YN: My mother's family, her parents... I don't know if both her parents came from Yamaguchi-ken and they settled in Hawaii. I don't know exactly what they did, I think her father was in some kind of building, and he built some small cottages where tourists could come and stay. And my mother would help in maintaining those cottages, and at one time, a family came and liked my mother, and agreed to pay for her passage to the mainland in exchange for a year's service. And while she was here it was that she met my father.

AL: And what was your mother's name at birth?

YN: My mother's name was Fujiko Doris Yasutake.

AL: Yasutake?

YN: Uh-huh.

AL: And how many children are in her family, siblings?

YN: There are six total. Four, she has four brothers and two sisters. Does that make six?

AL: So there are seven including her?

YN: Let's see, one, two, three, four girls and two boys, I'm sorry.

AL: And do you remember all their names? It's a big family.

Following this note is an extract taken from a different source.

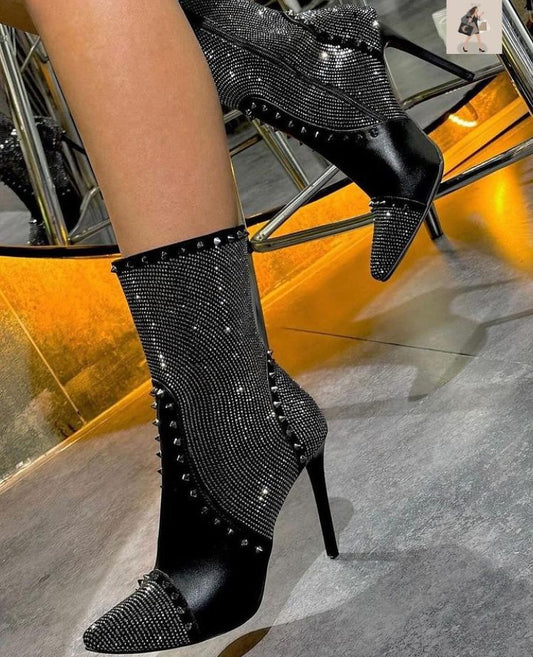 Women's diamond studded high-heeled ankle boots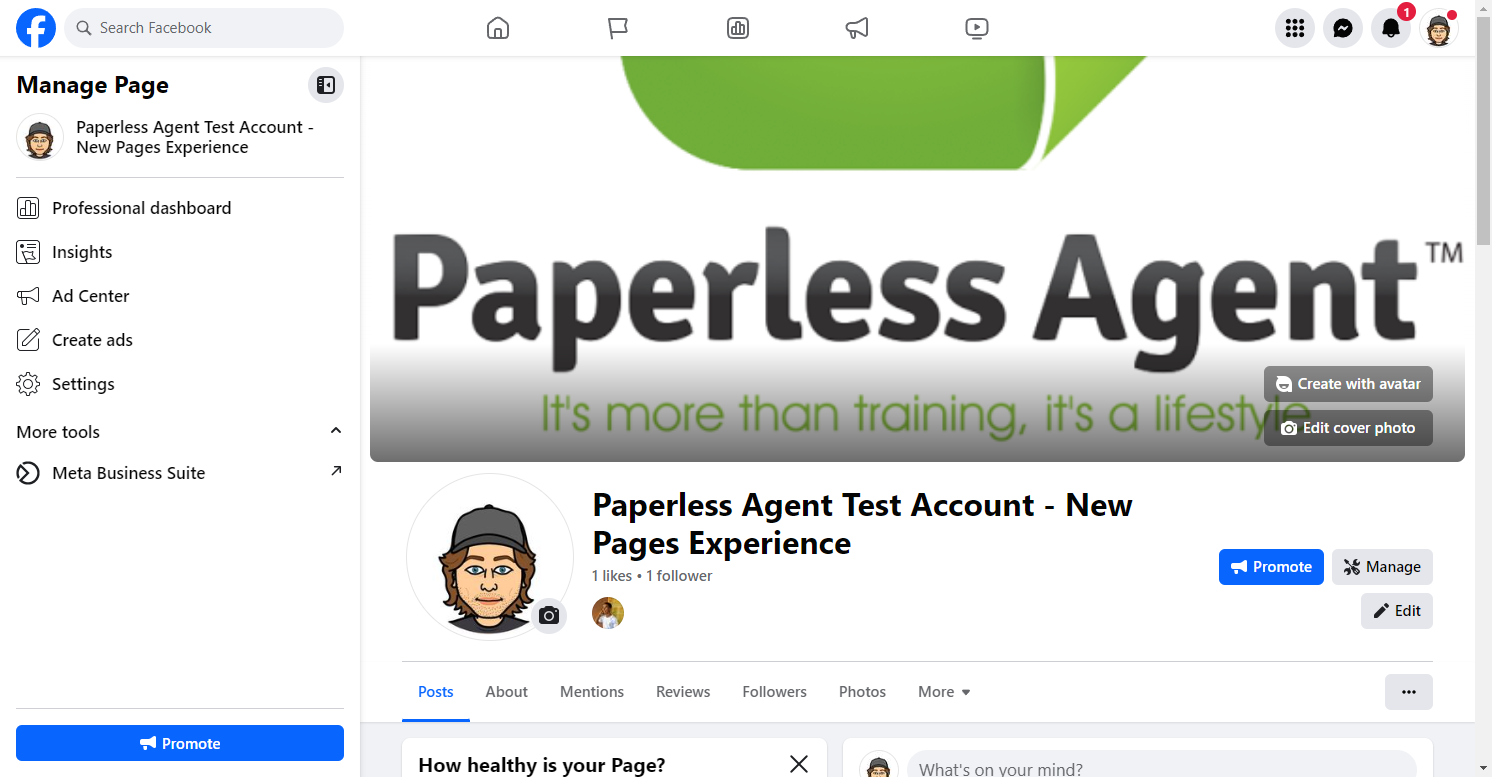 Navigate to your Facebook Business Page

YN: It's a big family. Henry and Isamu, I don't know if he had an English name. And when they were young, they went to Japan. One stayed with their mother's family and one stayed with their father's family. And then her older sister Hanako was born, and then my mom was... oh, no, and then Joanne, and then my mother's the third daughter, and then Beatrice is the fourth daughter.

AL: Do you recall your mom's parents' names?

YN: Oh, goodness. I think my... I don't want to make a mistake. Manpei was my father, M-A-N-P-E-I, and my mother's... I'm sure I know it someplace.

AL: And we can get that later, too, get information. So did your mother ever share any stories of growing up in Hawaii?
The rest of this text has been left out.